Show me what you got.

rickandmorty-showme.gif
 
Yeh 24Hz which stutters on OLED where it's not masked by bad lcd response time mush. So pure, please don't ever increase. (n)

SwiYXVkIjpbInVybjpzZXJ2aWNlOmZpbGUuZG93bmxvYWQiXX0.gif

. . .

rumor has it if you go over 240hz your eyes burst into flames.

Some of us like sample and hold water goggles blurring everything we see every time we turn our head. 👓
1000fpsHz would do nothing.


img_2331.jpg


. . . . .
 
Fresh rumor regarding next gen gpu performance:

https://videocardz.com/newz/alleged...-3-0-ghz-scores-20k-points-in-timespy-extreme

Obviously should be taken with a grain of salt. I myself still don't buy the whole "double performance" in one generation thing but I still think a 60-70% uplift from a 3090 to 4090 isn't impossible. There's still time for LG to up the refresh rate on this thing before it launches because a 4090 will be good for more than 120fps in a lot of games at 4K, maybe not at native res and ultra settings + RT on max but definitely with DLSS, optimized settings, and either dialed back RT or no RT. Even a modest bump from 120Hz to 160Hz would be an excellent pairing with a 4090.
 
You can run an ultrawide resolution on a 42" or 48" 16:9 4k oled though and it will still be a large ultrawide in effect.

The viewable height on a 48" 16:9 in 21:10 uw rez of 3840x1600 ends up having about a 17.5" tall viewable screen resolution.

A 42" 16:9 is around 36.7" wide so maybe 36" viewable width (not diagonal). At 21:9 it would be ~ 15.5 inch viewable height and ~39.x " diagonal. .
so at 21:10 a 42" diagonal 16:9 screen in 3840x1600 uw resolution might be more like ~ 39.5" uw diagonal with a ~ 16" tall viewable.

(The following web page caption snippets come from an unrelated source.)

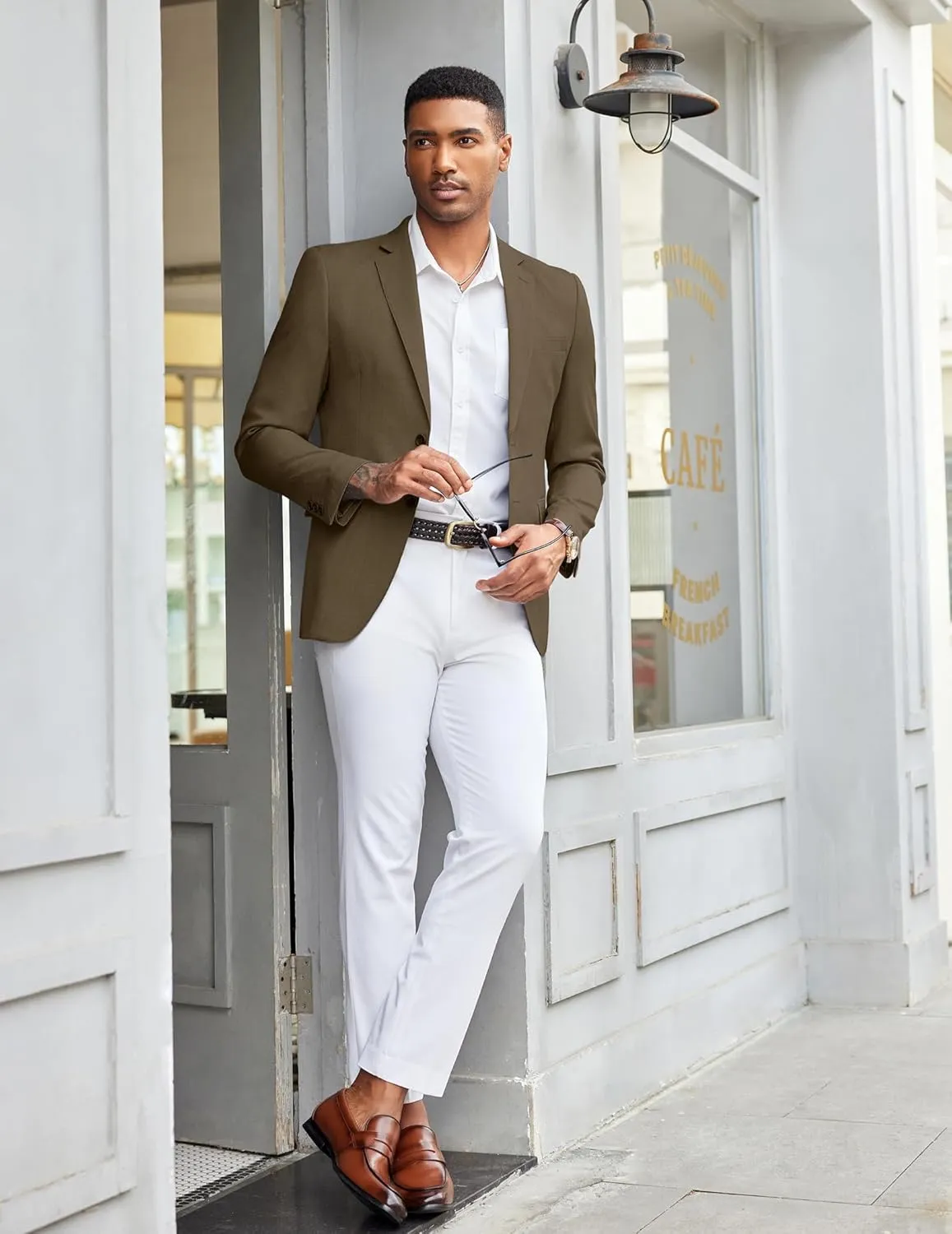 COOFANDY Mens Linen Casual Blazer Slim Fit Sport Coat Two Button Summer Suit Jacket Lightweight Business Sport Jacket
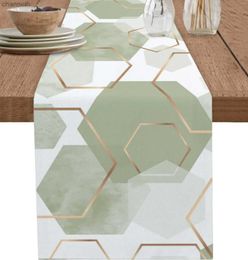 Table Runner Yellow Modern Abstract Art Aesthetics Green Geometr Linen Runners Dresser Scarves Decor Dinner Wedding Party yq240330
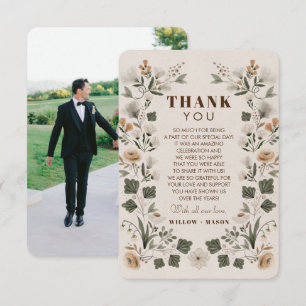 Modern Boho Folk Wedding Thank You Card with Photo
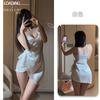 Shuo Yao Sexy Espalda Descubierta Profundo en V con Cordones Cadera Siemons Camisón Chica Caliente Deseo Puro Traje de Camisón de Tirantes para Mujer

The black bars on oleds are the emitters off entirely so it's ultra/"infinite" black and down the pixel display area wise so no glow/dim halos on the edges. If you put some black soundproofing tiles or tapestry behind there (don't let tapestries hang so low that they are over electric plugs and power units though) - then you'd be black on black. Also just in general if you are viewing in dim to dark theater like viewing conditions for HDR, the ambient lighting would be quite dark. You won't really be noticing the inf black bars and you'd be getting a much larger uw viewable screen compared to some of the shorter height models. Even viewing material with ultra black oled bars and not taking any other steps with the area behind the screen - it's not a big deal on OLEDS imo, for example on a big OLED tv in a living room running a movie with some letterboxing. Also you can swap back to 4k 16:9 for videos and certain games that might benefit from 16:9 more like rts overhead maps and maybe some platformers and other overhead games.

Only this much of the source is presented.